AIM OF THE EXERCISE: A verbatim transcript of the lines below, starting at the first and ending with the one that holds "Baby's Vitamin D3", is what should be produced.

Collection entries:
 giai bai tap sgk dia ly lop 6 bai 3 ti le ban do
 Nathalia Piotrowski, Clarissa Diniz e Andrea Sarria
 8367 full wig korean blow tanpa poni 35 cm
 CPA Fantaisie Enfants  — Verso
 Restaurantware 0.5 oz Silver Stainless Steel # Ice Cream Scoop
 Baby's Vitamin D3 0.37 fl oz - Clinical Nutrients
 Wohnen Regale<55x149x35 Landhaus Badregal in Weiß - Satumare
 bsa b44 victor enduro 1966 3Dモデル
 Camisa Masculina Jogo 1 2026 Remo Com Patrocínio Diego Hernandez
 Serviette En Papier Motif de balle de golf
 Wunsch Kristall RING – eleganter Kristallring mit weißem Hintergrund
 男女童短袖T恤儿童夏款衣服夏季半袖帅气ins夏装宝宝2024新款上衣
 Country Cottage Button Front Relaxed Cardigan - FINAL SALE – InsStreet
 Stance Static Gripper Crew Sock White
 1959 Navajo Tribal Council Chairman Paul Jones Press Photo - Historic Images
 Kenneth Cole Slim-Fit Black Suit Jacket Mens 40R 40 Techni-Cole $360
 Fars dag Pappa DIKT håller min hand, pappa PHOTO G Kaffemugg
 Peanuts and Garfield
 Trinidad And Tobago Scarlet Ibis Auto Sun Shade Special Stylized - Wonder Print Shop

RESULT OF THE TASK:
 giai bai tap sgk dia ly lop 6 bai 3 ti le ban do
 Nathalia Piotrowski, Clarissa Diniz e Andrea Sarria
 8367 full wig korean blow tanpa poni 35 cm
 CPA Fantaisie Enfants  — Verso
 Restaurantware 0.5 oz Silver Stainless Steel # Ice Cream Scoop
 Baby's Vitamin D3 0.37 fl oz - Clinical Nutrients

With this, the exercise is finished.